|Without car park and monumental avenue of flags to block the view|
After a short walk around the park looking up at the stone faces, we drove on to the Crazy Horse Memorial. A huge contrast. This is an enormous monument and an enormous project. It is privately run and privately funded, a family business, and was conceived by several Lakota elders led by Henry Standing Bear. It is also a work in progress. So far Crazy Horse's face is complete and work on the horse's head is ongoing.
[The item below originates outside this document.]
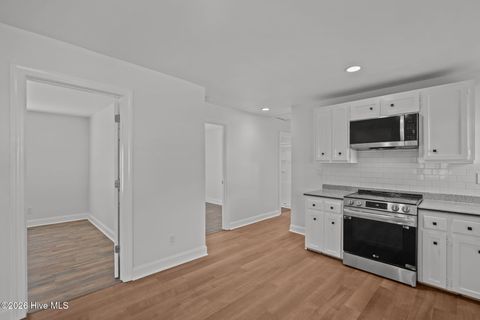 Tiny photo for 458 Mercer Avenue, Wilmington, NC 28403 (MLS # 100555774)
There's no question that Crazy Horse was developed originally as a riposte to Mount Rushmore - Henry Standing Bear said "My fellow chiefs and I would like the white man to know that the red man has great heroes, too." And it's not hard to see Mount Rushmore as the act of victorious colonizers. Just over fifty years after the Treaty of Fort Laramie was signed, agreeing ownership of the Black Hills by the Lakota, and just under fifty years after that Treaty was broken by the USA resulting in the Great Sioux War, the US government paid to have a sacred Lakota mountain carved with the faces of four white men, by a sculptor who was a member of the Ku Klux Klan. Of course, this isn't the way it's presented at Mount Rushmore. That's all about "conquering the west" and "uniting the country" and "honouring the ideals of America" and the people who were conquered and forced off their lands don't really get a mention.
You may say fifty years is a long time, but I suspect it wasn't to the Lakota survivors of Little Bighorn who commissioned the Crazy Horse Memorial in the late 1920s and were still living to see the first blast some twenty years later, shortly after Mount Rushmore had been completed. Just as the English look at Ireland and wonder why so much fuss is still made about William of Orange and Oliver Cromwell, so I am sure Americans look at the Black Hills of South Dakota and wonder why Native Americans are exercised about the Treaty of Fort Laramie.
But events of the past do matter and indeed perhaps they are not in the past. Here's a link to news earlier this month of the visit from the UN Special Rapporteur, James Anaya, to the Black Hills to investigate the USA's progress on adherence to the UN Declaration on the Rights of Indigenous Peoples (clue: he wasn't very impressed).